Introducing InstaNovo-P, a de novo sequencing model for phosphoproteomics¶
Announcing InstaNovo-P¶
We are happy to share our newest model in the InstaNovo family, InstaNovo-P. [link to bioArxiv preprint]
InstaNovo-P is a fine-tuned version of our base model, InstaNovo v1.0.0, specifically tailored towards application in phosphoproteomics mass spectrometry experiments. InstaNovo-P was further trained on approx. 2.8 million PSMs from 75 thousand phosphorylated peptides. InstaNovo-P was extended to recognize the residues phospho-tyrosine, -serine and -threonine, achieving high accuracy in detecting phosphorylated peptides while retaining its performance in unmodified peptides.
import os
import sys
if 'google.colab' in sys.modules or 'KAGGLE_KERNEL_RUN_TYPE' in os.environ:
# Suppress TensorFlow warnings
os.environ['TF_CPP_MIN_LOG_LEVEL'] = '1'
# Install torchvision when running on Google Colab to prevent errors
!uv pip install --system "instanovo[cu124]>=1.1.2" pyopenms-viz torchvision tf-nightly
else:
!uv pip install "instanovo[cu124]>=1.1.2" pyopenms-viz
We can use instanovo version to check the version of InstaNovo (the transformer-based model).
!instanovo version
InstaNovo-P is a finetune of InstaNovo, so we import the transformer-based InstaNovo model.

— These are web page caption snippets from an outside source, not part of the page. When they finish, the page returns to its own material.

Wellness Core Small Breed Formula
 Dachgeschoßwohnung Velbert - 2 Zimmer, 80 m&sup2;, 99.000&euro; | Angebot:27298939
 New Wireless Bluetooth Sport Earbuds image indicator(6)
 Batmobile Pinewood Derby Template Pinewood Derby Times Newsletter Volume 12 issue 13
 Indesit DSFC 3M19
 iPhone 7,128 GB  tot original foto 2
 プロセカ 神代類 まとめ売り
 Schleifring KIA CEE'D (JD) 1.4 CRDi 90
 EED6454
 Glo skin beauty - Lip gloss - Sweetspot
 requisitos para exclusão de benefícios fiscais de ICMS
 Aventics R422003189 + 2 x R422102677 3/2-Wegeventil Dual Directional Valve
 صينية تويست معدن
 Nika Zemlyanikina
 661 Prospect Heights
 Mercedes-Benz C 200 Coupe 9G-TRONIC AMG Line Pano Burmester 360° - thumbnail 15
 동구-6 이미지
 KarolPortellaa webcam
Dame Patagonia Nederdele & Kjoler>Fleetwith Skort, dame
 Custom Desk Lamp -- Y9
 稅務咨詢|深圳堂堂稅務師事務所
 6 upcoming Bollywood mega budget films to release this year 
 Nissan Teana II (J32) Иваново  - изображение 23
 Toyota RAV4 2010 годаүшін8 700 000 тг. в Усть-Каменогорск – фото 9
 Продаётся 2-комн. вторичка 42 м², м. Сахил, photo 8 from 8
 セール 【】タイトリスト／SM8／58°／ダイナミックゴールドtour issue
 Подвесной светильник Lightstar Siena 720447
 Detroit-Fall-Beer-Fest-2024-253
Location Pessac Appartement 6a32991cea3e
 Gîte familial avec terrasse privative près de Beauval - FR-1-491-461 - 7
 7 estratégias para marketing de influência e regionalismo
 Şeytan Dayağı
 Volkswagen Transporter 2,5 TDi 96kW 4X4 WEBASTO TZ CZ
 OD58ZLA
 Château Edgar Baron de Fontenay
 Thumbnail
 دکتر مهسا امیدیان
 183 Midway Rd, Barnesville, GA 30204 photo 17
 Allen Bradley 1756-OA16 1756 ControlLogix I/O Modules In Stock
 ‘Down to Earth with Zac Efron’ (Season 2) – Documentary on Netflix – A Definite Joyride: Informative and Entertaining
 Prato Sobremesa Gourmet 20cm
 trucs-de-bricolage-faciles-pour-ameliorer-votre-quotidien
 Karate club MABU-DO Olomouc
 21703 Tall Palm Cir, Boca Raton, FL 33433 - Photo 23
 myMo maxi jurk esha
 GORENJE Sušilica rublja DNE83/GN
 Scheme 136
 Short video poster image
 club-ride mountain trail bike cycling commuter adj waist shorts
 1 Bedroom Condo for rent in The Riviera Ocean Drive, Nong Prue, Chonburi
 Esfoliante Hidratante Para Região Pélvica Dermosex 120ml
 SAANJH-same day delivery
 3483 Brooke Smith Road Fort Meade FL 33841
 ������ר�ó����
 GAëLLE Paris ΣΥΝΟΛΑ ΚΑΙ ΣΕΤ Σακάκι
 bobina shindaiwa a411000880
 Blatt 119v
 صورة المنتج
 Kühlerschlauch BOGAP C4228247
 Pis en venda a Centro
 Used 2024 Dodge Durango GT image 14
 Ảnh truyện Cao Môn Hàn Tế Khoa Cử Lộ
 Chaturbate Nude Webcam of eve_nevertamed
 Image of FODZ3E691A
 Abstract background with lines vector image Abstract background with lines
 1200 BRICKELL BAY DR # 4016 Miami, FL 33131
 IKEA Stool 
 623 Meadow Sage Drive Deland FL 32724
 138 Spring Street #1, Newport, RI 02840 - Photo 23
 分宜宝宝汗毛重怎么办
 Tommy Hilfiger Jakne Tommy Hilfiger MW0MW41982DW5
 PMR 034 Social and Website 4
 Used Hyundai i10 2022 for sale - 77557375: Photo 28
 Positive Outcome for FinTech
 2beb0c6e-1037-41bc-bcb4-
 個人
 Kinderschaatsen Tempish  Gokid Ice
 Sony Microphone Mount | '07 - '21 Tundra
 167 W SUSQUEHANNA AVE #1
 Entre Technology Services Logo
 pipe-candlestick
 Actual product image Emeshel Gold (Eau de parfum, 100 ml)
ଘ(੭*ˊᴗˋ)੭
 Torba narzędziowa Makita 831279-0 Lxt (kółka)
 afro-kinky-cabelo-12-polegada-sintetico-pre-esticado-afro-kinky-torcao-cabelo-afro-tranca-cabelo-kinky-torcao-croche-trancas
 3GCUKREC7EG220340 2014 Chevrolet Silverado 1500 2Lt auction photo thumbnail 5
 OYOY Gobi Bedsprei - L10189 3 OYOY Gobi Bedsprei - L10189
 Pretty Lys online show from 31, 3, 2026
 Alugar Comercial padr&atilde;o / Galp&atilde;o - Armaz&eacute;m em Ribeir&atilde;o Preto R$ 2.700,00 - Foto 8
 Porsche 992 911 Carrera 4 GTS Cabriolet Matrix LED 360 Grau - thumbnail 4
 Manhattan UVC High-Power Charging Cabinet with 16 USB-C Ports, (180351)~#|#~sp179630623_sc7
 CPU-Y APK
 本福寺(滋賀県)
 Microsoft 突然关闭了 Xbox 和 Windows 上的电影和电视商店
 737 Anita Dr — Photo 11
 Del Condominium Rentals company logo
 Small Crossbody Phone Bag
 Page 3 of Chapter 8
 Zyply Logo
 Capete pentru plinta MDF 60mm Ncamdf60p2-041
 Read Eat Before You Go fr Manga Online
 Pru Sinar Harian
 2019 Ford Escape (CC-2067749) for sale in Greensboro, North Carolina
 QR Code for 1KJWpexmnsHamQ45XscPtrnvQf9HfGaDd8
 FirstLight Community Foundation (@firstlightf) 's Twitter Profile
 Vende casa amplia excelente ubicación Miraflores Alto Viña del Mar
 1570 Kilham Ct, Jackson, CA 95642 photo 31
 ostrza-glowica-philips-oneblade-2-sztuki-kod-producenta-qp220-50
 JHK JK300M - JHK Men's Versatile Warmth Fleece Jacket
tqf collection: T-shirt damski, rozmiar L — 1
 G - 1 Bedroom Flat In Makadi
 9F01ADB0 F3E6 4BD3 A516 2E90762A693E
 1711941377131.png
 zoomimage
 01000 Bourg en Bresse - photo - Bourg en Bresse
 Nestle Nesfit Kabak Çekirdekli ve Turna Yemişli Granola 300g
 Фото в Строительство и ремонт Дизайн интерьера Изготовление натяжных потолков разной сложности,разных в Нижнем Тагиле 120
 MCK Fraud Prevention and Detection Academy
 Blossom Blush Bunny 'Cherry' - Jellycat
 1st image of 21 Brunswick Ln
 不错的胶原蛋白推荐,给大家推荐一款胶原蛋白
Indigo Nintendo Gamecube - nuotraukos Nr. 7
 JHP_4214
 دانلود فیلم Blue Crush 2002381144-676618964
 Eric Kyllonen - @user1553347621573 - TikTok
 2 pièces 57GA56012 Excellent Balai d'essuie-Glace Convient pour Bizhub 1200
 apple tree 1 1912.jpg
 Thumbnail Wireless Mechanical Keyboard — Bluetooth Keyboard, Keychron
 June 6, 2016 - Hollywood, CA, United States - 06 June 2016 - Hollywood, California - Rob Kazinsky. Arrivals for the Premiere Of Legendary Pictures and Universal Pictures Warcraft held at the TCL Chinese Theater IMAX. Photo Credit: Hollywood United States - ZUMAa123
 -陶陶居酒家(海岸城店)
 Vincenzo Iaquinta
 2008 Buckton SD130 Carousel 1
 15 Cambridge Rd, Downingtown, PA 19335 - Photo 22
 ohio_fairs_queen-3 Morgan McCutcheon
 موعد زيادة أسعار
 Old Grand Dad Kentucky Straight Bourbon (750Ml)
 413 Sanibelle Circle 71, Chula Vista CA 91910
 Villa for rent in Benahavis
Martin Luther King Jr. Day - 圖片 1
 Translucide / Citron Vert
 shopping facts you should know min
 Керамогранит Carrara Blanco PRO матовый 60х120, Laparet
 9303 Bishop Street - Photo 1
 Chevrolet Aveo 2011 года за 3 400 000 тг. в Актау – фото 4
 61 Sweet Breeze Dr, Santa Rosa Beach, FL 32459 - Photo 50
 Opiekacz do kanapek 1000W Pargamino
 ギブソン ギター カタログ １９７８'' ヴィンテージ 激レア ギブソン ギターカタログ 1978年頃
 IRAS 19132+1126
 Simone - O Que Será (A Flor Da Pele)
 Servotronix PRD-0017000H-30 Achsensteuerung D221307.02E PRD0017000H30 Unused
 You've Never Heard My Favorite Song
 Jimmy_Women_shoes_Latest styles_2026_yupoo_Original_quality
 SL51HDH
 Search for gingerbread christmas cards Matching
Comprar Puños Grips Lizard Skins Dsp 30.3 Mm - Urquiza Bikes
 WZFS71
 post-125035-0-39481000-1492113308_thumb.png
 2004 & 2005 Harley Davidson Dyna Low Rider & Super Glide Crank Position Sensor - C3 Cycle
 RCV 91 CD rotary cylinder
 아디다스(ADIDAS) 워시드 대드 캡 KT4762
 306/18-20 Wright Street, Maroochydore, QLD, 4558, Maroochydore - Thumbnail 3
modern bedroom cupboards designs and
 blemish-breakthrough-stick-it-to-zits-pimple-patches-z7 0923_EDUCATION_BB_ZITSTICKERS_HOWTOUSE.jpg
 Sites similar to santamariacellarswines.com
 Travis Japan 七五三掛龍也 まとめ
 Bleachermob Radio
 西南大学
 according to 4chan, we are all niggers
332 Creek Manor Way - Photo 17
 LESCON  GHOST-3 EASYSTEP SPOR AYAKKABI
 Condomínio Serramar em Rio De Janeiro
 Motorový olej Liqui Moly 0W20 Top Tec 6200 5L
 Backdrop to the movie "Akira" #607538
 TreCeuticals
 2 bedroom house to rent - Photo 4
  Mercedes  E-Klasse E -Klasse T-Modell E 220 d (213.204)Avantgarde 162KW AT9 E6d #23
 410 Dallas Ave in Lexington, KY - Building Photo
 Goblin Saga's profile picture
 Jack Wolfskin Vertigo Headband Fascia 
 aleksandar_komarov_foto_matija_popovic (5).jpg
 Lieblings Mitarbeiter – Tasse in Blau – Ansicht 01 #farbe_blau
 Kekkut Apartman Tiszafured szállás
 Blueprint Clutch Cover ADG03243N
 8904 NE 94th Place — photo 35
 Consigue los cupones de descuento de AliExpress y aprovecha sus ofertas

from instanovo.transformer.model import InstaNovo
Set the device to GPU if available (recommended), otherwise use CPU.
import torch
device = "cuda" if torch.cuda.is_available() else "cpu"
device
InstaNovo supports automatic model downloads. You can see the IDs of the pretrained models that are available.
InstaNovo.get_pretrained()
We are now ready to download the InstaNovo-P checkpoint.
model, config = InstaNovo.from_pretrained('instanovo-phospho-v1.0.0')
model = model.to(device).eval()
Loading the InstaNovo-P dataset¶
Download the test fold of the InstaNovo-P dataset dataset from HuggingFace.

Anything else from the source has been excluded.